EASY METHOD:
Suppose that $(p,\omega_p)\in Q \equiv T^*(M)$, where $p \in M, \omega_p \in T_p^*(M)$, represents a point in the cotangent bundle $Q$ whose fibres are the cotangent linear spaces at each point in the base manifold.
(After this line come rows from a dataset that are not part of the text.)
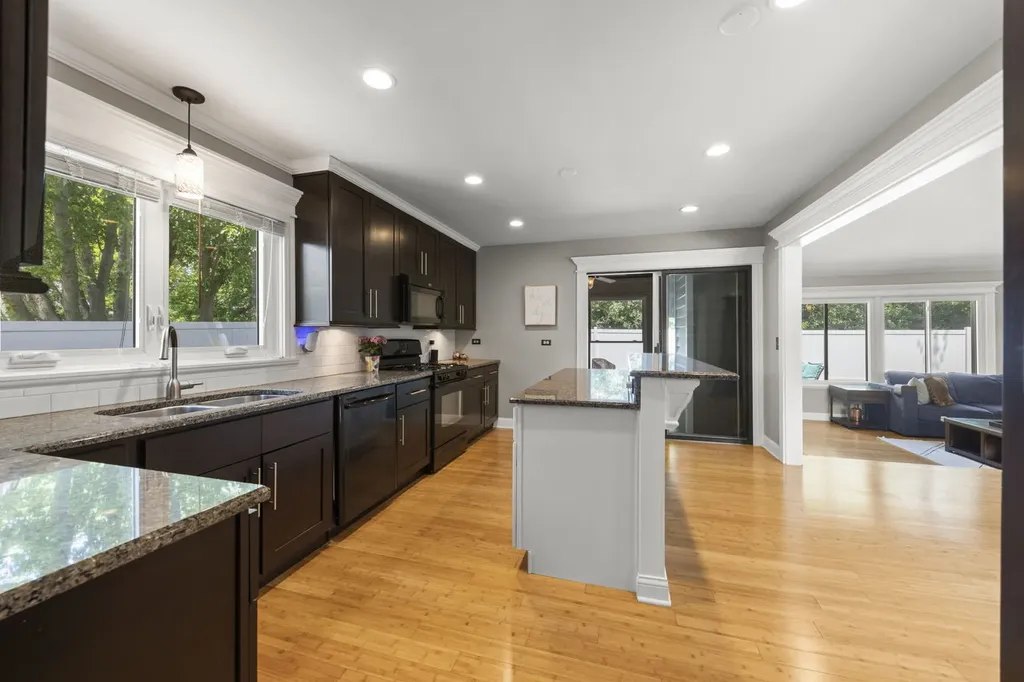 30W676 Woodewind Drive Naperville IL 60563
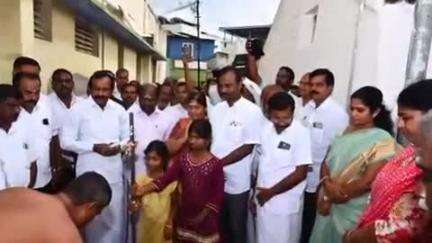 ஈரோடு: கொல்லம்பாளையம் பகுதியில் காங்கிரசாலை அமைப்பதற்காக பூமி பூஜையினை போட்டு துவங்கி வைத்தார் அமைச்சர் முத்துசாமி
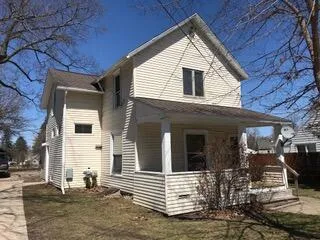 1513 E Oakland Avenue Lansing, MI 48906
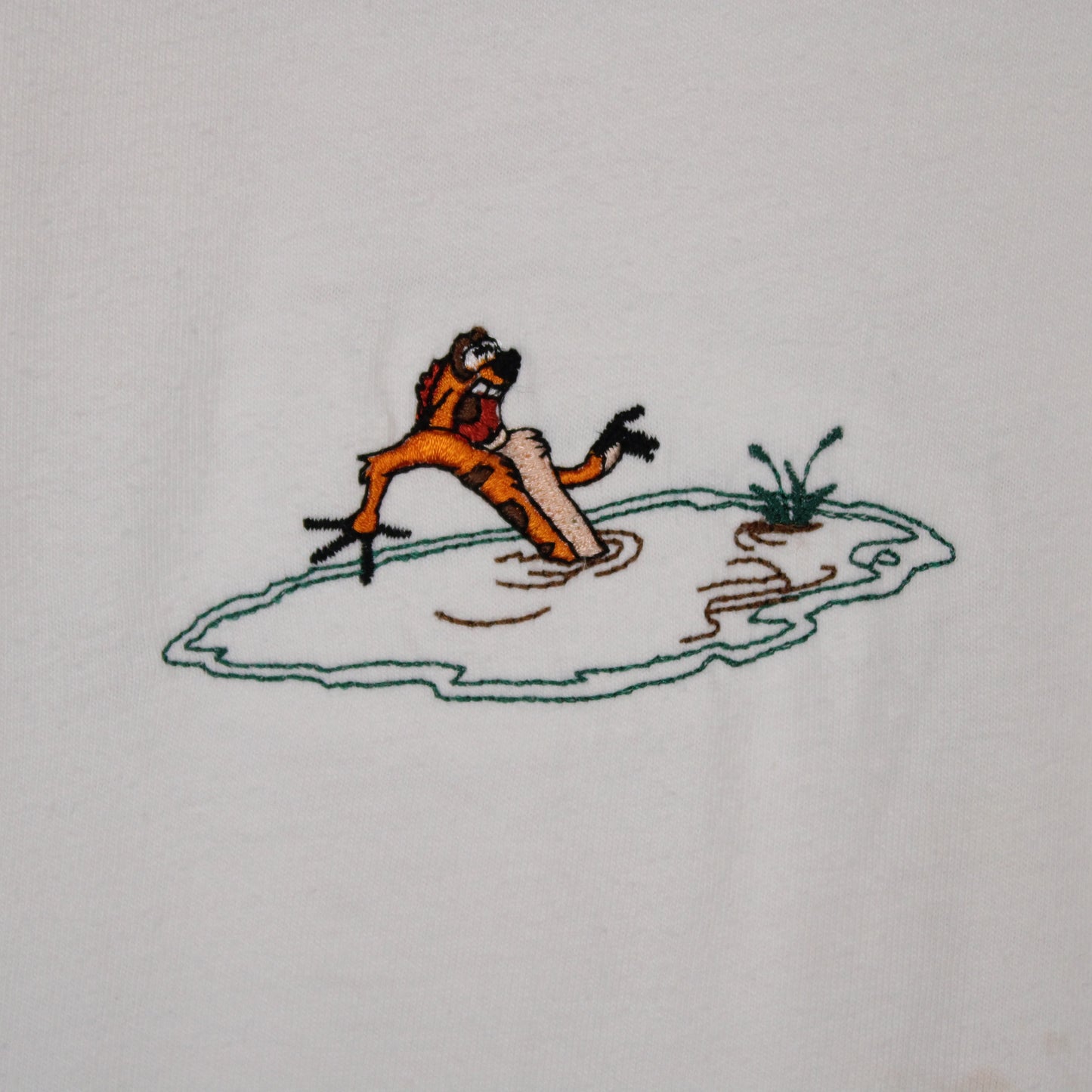 Vintage 90's Lion King Embroidered Tee - L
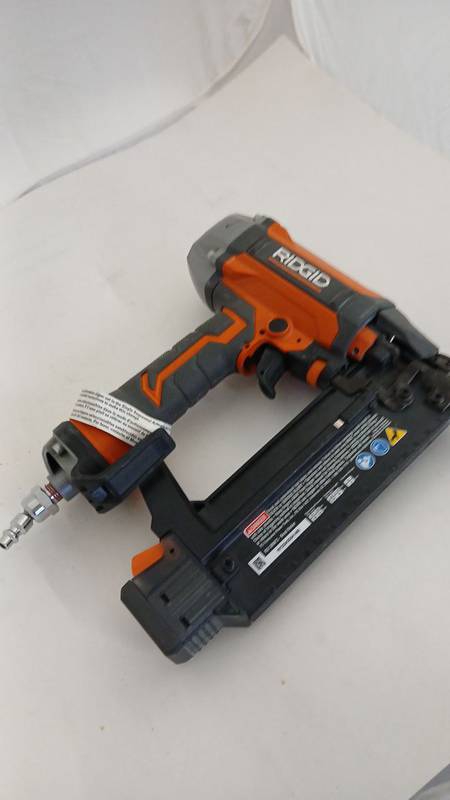 Lot # 2251: (Retail $638) Rigid 15 Amp 10 in. Portable Pro Jobsite Table Saw with Rolling Stand and Pneumatic 18-Gauge 2-1/8 in. Brad Nailer - Image 5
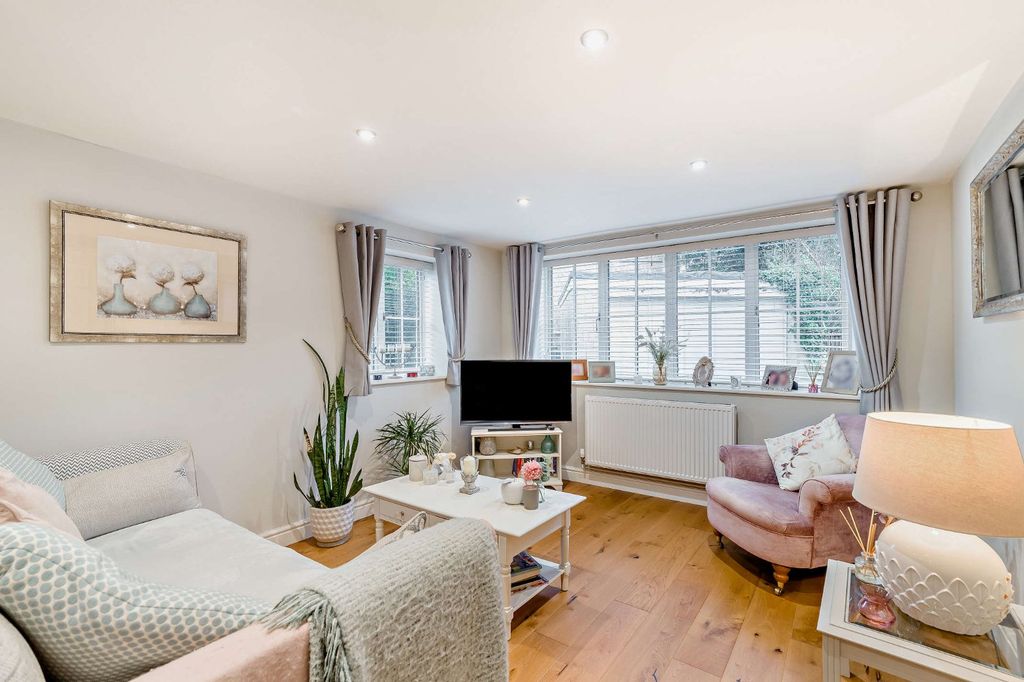 Property photo 2 of 11 Picture No. 11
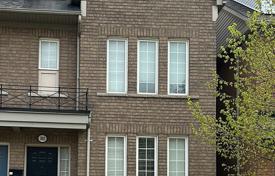 11-zimmer stadthaus in North York, Kanada. C$1 647 000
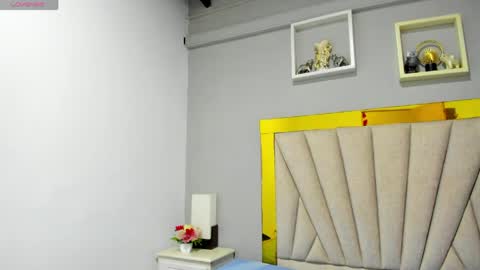 vahioleth  online show from April 23, 2:57 am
We have the canonical fibre bundle projection,
\begin{align*} \pi: \quad Q &\to M \\ (p,\omega_p) &\mapsto p \ \end{align*}
which induces the pullback of 1-forms,
\begin{align*} \pi^*: \quad \Omega (M) &\to \Omega (Q) \\ \omega &\mapsto \pi^*(\omega)\equiv \theta. \ \end{align*}
In local coordinates, if we write $ \omega = \sum_i \alpha_i \ \text{d}x^i $, then it is straightforward to compute the local representation of the pullback:
$ \theta = \pi^*(\sum_i \alpha_i \ \text{d}x^i) = \sum_i (\alpha_i\circ\pi) \ \pi^*(\text{d}x^i)\ ``=" \sum_i \alpha_i \ \text{d}x^i$
Note the quotation marks I used to emphasize that one should be careful about abuse of notation and use them smartly for convenience knowing that it should not be taken too literally.
ALTERNATIVE METHOD:
For a vector field $X \in \mathfrak{X}(Q)$, one could locally decompose it into a component parallel to the fibre $T_p^*(M)$ and another parallel to the base $M$ for each $p \in M$ :
$ X = \sum_j (X_{\parallel}^j\circ\pi)\frac{\partial}{\partial x^j} + \sum_i X_{\perp}^i \frac{\partial}{\partial \alpha^i} $
where we have again considered $ \omega = \sum_i \alpha_i \ \text{d}x^i $. By this decomposition, we mean that
$ \pi_*(X)= \sum_j X_{\parallel}^j \ \frac{\partial}{\partial x^j}$
And therefore, we have that
\begin{align*} \theta_{(p,\omega_p)}(X) = \pi_{(p,\omega_p)}^*(\omega_p)(X) &= \omega_p (\pi_{*_{(p,\omega_p)}}(X)) \\ &= \sum_i \alpha_i(p)\ \text{d}x^i (\sum_j X_{\parallel}^j(p) \ \frac{\partial}{\partial x^j}) \\ &= \sum_i (\alpha_i\circ\pi)(p,\omega_p)(X_{\parallel}^i\circ\pi)(p,\omega_p)\ \end{align*}
Thus: $ \theta (X) = \sum_i (\alpha_i\circ\pi) (X_{\parallel}^i\circ\pi) = \sum_i (\alpha_i\circ\pi) \ \pi^*(\text{d}x^i)(X) $
which is the same result that we convinced ourselves of before.